How can we explain that the CNBB forgot that in 1968, nineteen archbishops and bishops—including Dom Geraldo de Proença Sigaud and the illustrious Bishop of Campos, Dom Antônio de Castro Mayer—sent a message to the late President Costa e Silva, from which I highlight this excerpt: “Statements by clergy and laypeople … give the impression that leftist and subversive tendencies … constitute a widespread opinion among bishops, priests, and laypeople. This impression is caused in part by multiple leftist statements emanating from Catholic circles, by these pronouncements’ strident and demagogic character, and finally by the sensationalist coverage that a considerable part of the press gives them” (cf. Catolicismo, Campos, nos. 212-214, August-October 1968). This message—like that of the TFP before it—has since been widely disseminated in the country’s main media outlets.
I spoke of Bishop Antônio de Castro Mayer, that prelate with privileged intelligence and culture and dazzlingly fearless public action, who is gaining renown among anticommunists worldwide as the Athanasius of the 20th century. In 1972, he published the Pastoral Letter on Cursillos in Christianity, in which he documented (pp. 77-101) serious symptoms of communist infiltration in this lay organization, which the CNBB had approved and vigorously promoted. Ninety-two thousand six hundred copies of the work were sold in Brazil alone. Its impact was so great, even within Cursillista ranks, that the once-flourishing organization withered and dwindled to its current state. Has the CNBB forgotten or ignored all this?
Could the CNBB be unaware of the sad document issued by its Regional Sul II (the episcopal body of the state of Paraná), which, predicting a communist victory in Brazil in 1976, urged its brothers in the episcopate to collaborate with the red regime, even if it persecuted the Church? I published this document in my book The Church Facing the Escalating Communist Threat (pp. 87-95). Some 46,000 Brazilians now own and have read the alarming document from Regional Sul II.

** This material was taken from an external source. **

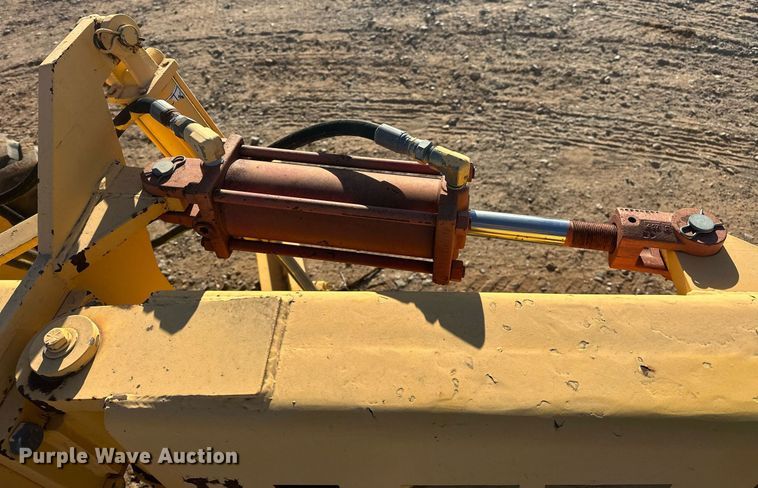 image for item EK0479 LeeBoy motor grader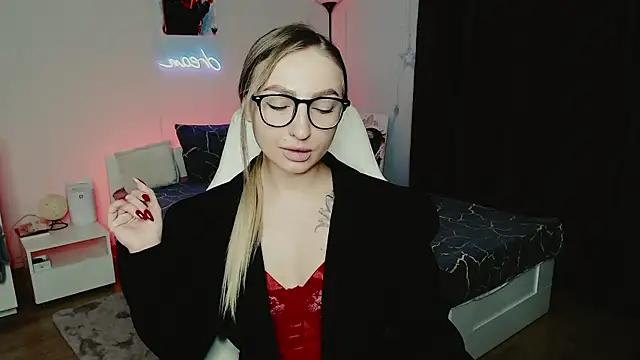 Dirty chat webcam: explore liveshows with versed models, from laying bare to fetishes, in a variety of sexy free adult webcams.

Why, then, is the CNBB so disconcerted by Bishop Sigaud’s claim that Bishops Casaldáliga and Tomás Balduíno are communists?
I conclude with a brief explanation.
When addressing Bishops Casaldáliga and Balduino, Bishop Sigaud made no mention of my publication on the subject. I dismiss the idea that this was motivated by pettiness, which I have never seen in him throughout our years of acquaintance.
There must have been other reasons. Out of respect for them, I decided not to intervene in the matter until my silence became inexplicable to the countless friends who honor me with their trust across Brazil.
Thus pressed, I’ve finally spoken up only after much pressure.
How could I refuse to extend this kindness to those so deserving of it?